*Problem requirements:* The data that follows must be transcribed in full and exactly, minus the pictures.

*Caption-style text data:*
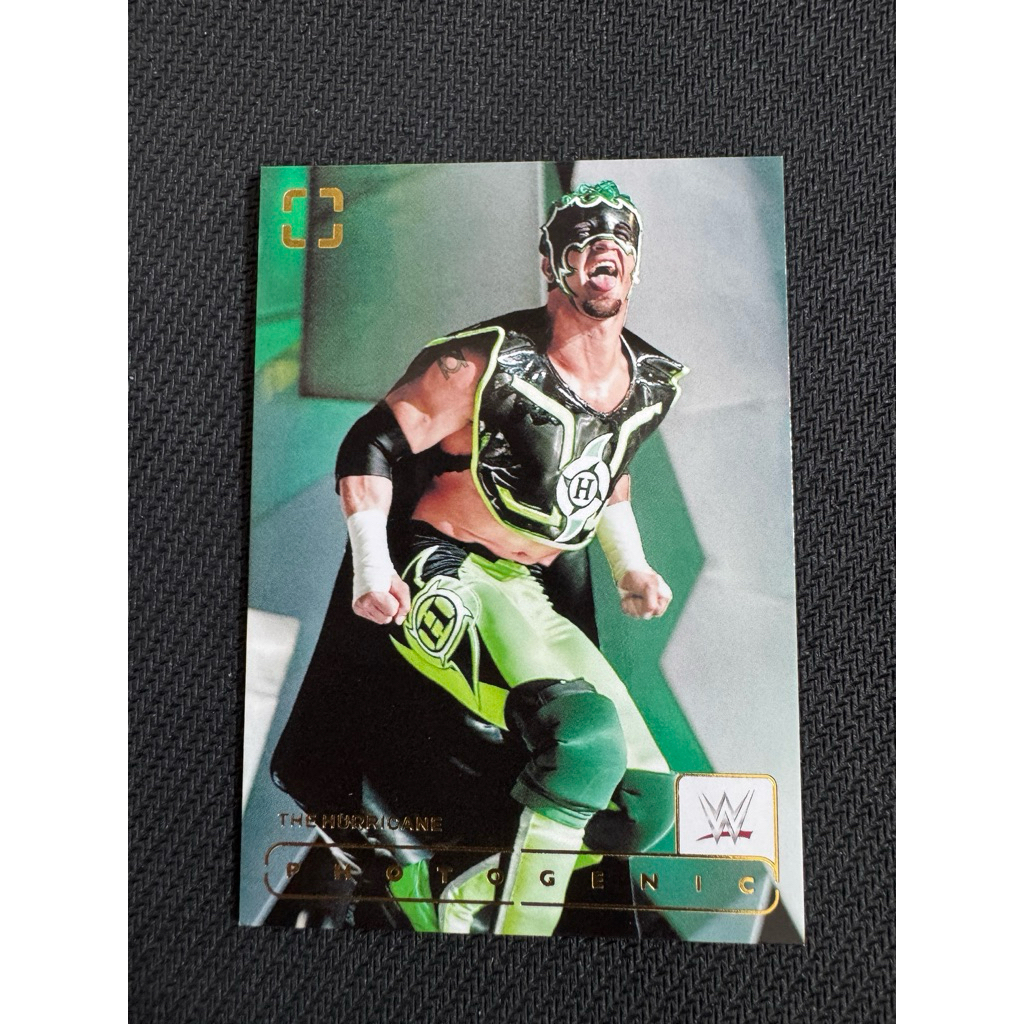 2024 การ์ด WWE Panini Photogenic The Hurrierance 176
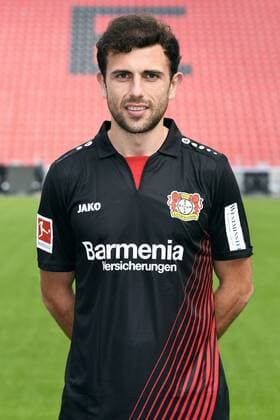 Fußball, GER, 1.BL, Porträttermin 2017 2018, Bayer Leverkusen: Admir Mehmedi (LEV). Einzelbild, Portrait, Porträt.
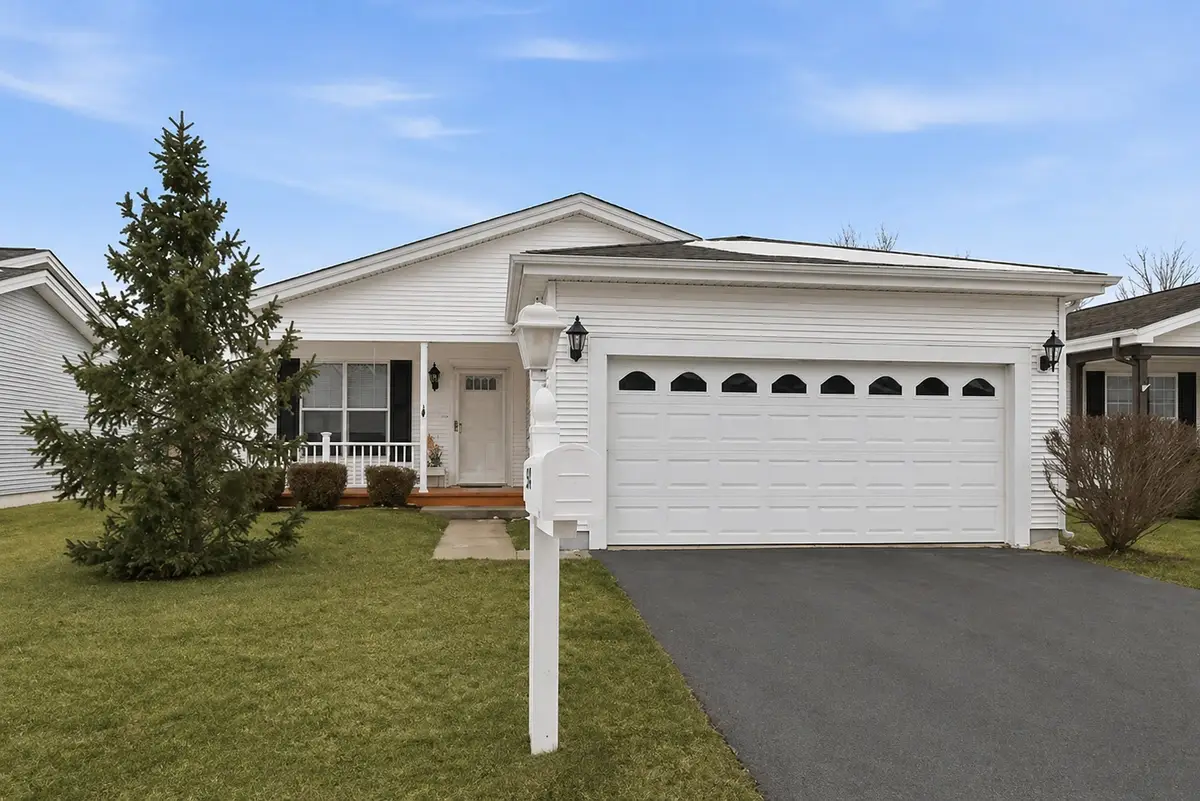 54 Rocking Horse Lane, Grayslake, IL 60030 - #1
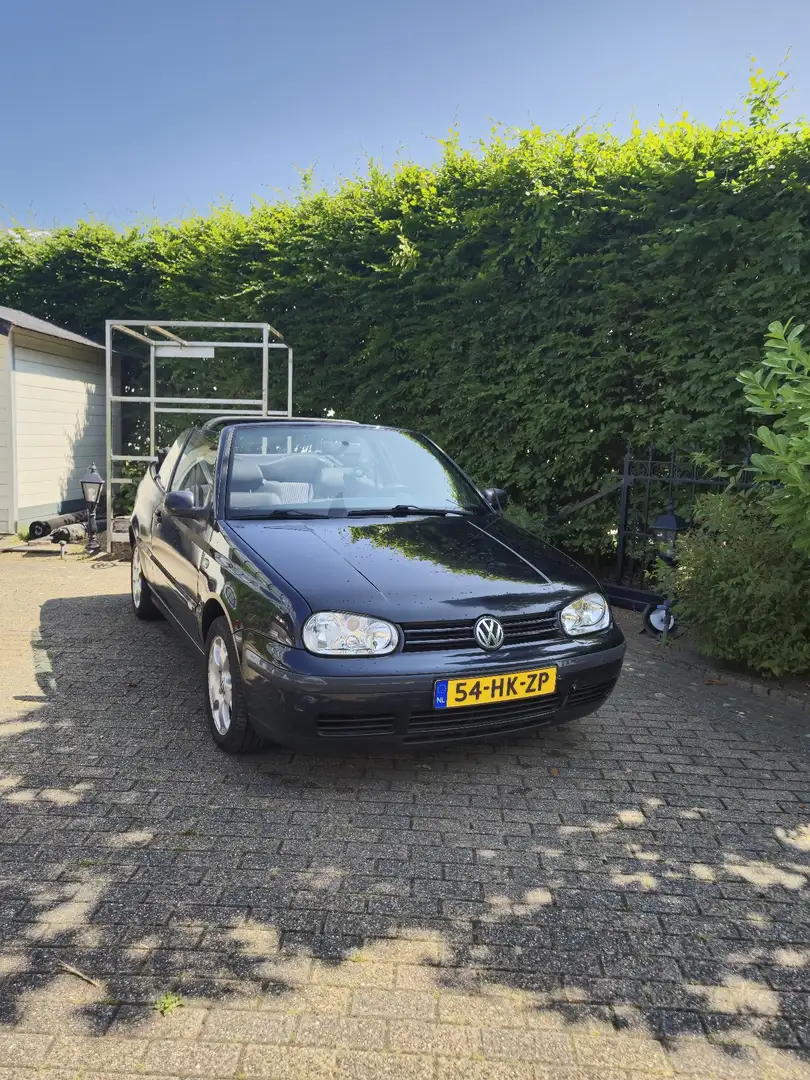 Volkswagen Golf Cabriolet 2.0 Trendline 85KW 2001 Blauw Modrá - 1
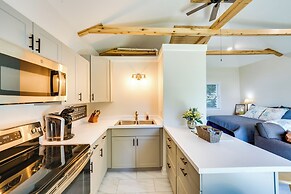 Serene Riverfront St. Clair Studio: Walk to Dtwn!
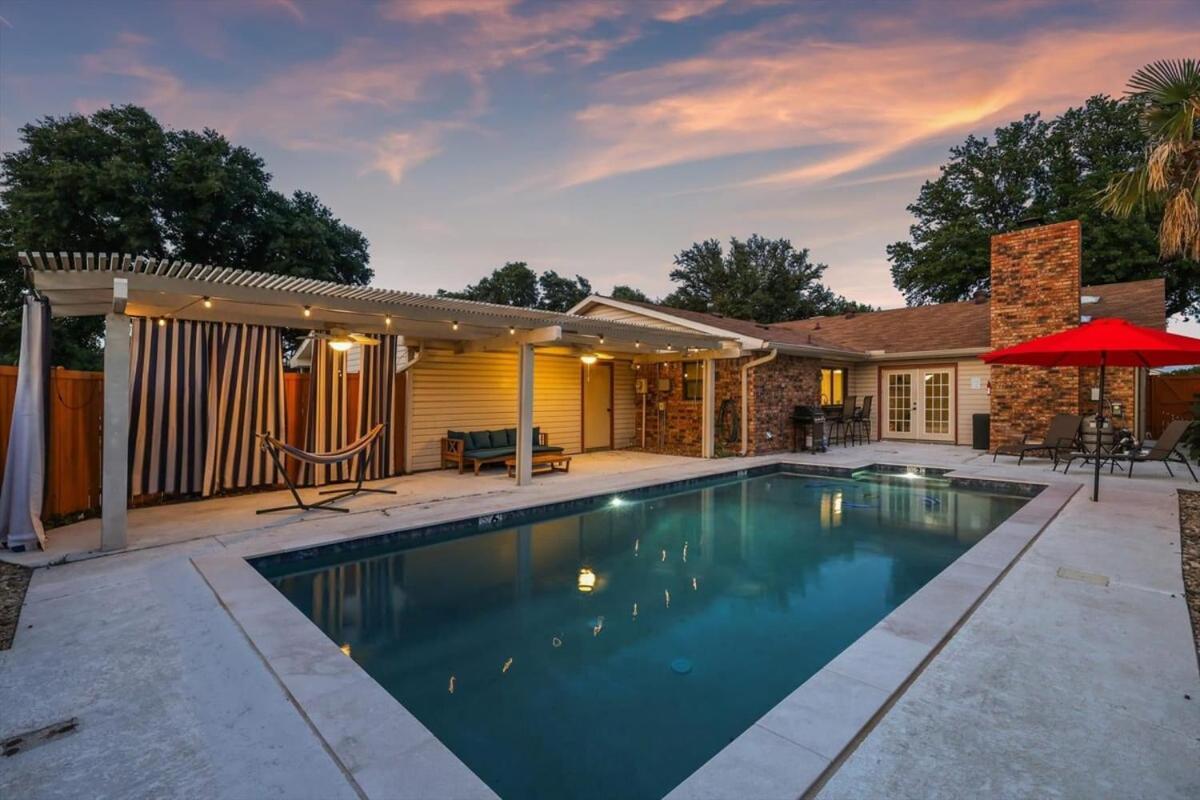 Spectacular 4Br 2,5Ba Holiday Home With Pool And Grill Carrollton Esterno foto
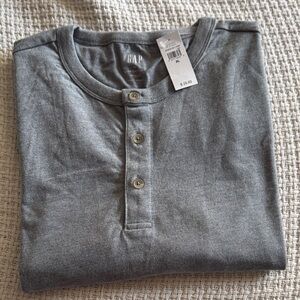 GAP Men's Casual Gray Button Down Shirt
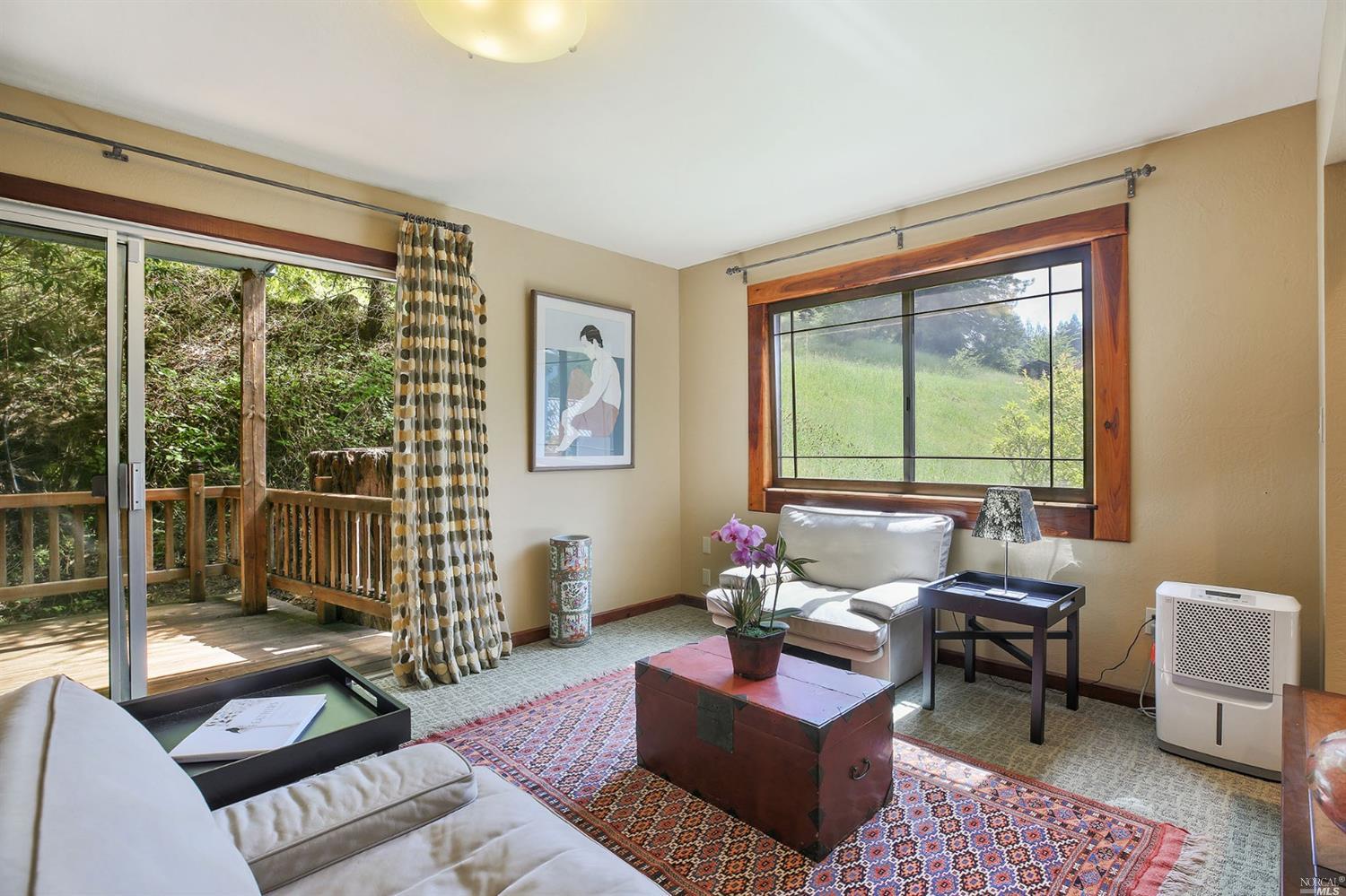 2515 Bohemian Highway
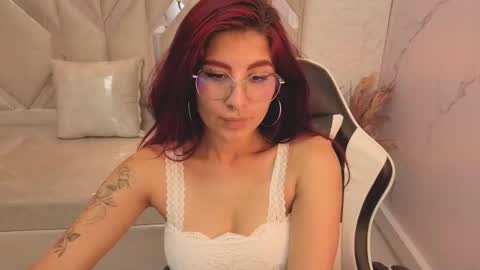 Emily  tp 700am - 1400pm online show from 02.16.26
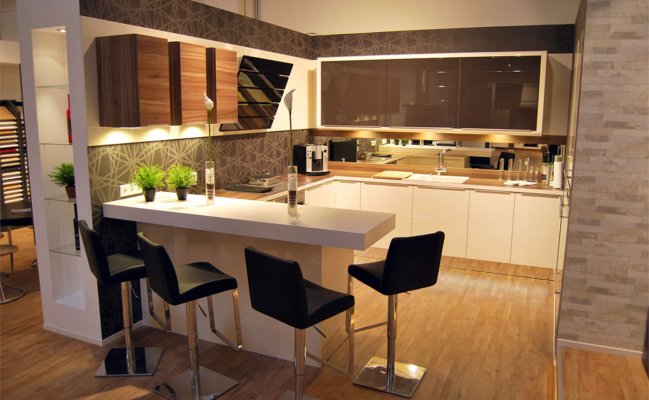 Кухня с барной стройкой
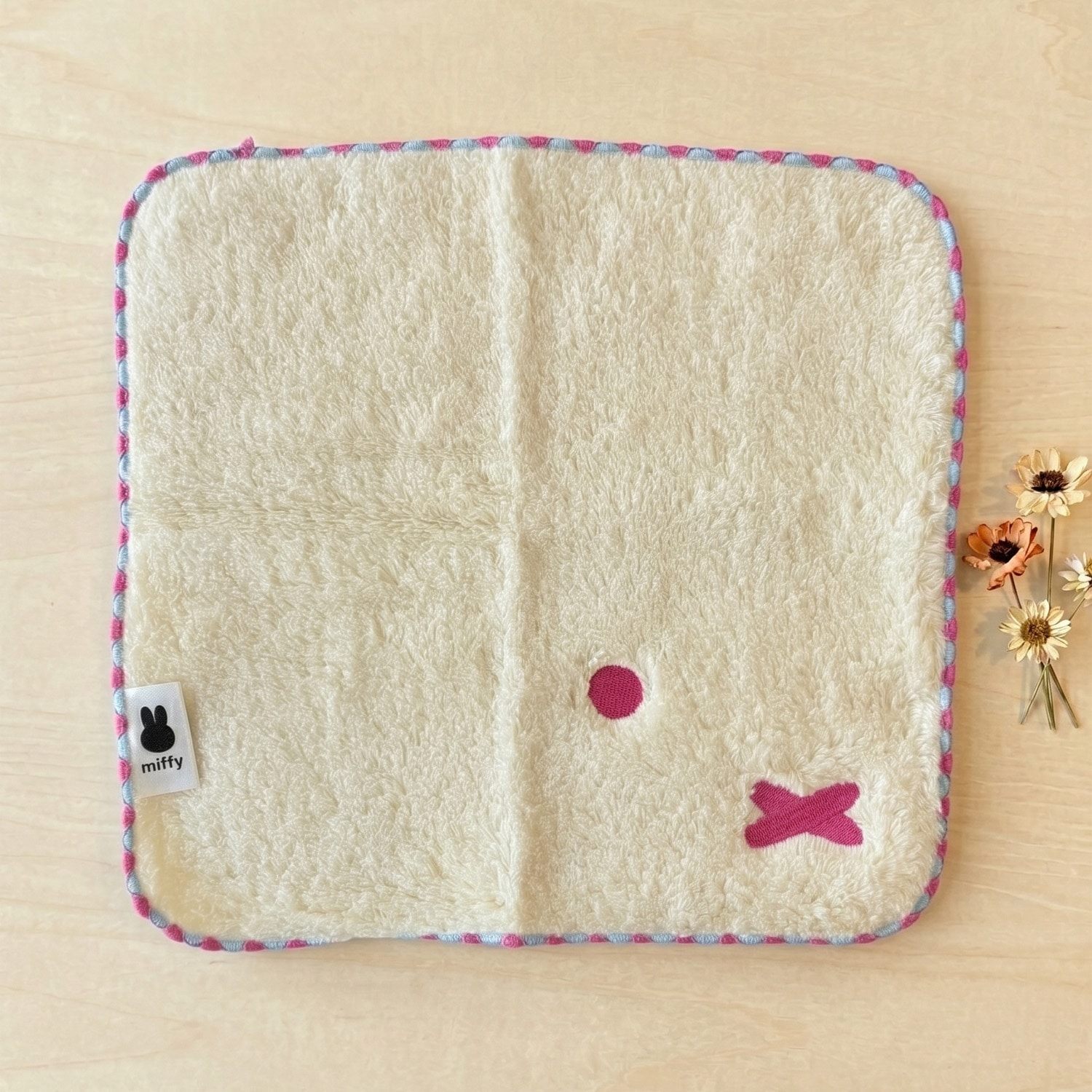 ミッフィー　ふわふわ刺繍ハンカチーフ（ミニタオル）　アイボリー／顔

*Reply:*
 2024 การ์ด WWE Panini Photogenic The Hurrierance 176
 Fußball, GER, 1.BL, Porträttermin 2017 2018, Bayer Leverkusen: Admir Mehmedi (LEV). Einzelbild, Portrait, Porträt.
 54 Rocking Horse Lane, Grayslake, IL 60030 - #1
 Volkswagen Golf Cabriolet 2.0 Trendline 85KW 2001 Blauw Modrá - 1
 Serene Riverfront St. Clair Studio: Walk to Dtwn!
 Spectacular 4Br 2,5Ba Holiday Home With Pool And Grill Carrollton Esterno foto
 GAP Men's Casual Gray Button Down Shirt
 2515 Bohemian Highway
 Emily  tp 700am - 1400pm online show from 02.16.26
 Кухня с барной стройкой
 ミッフィー　ふわふわ刺繍ハンカチーフ（ミニタオル）　アイボリー／顔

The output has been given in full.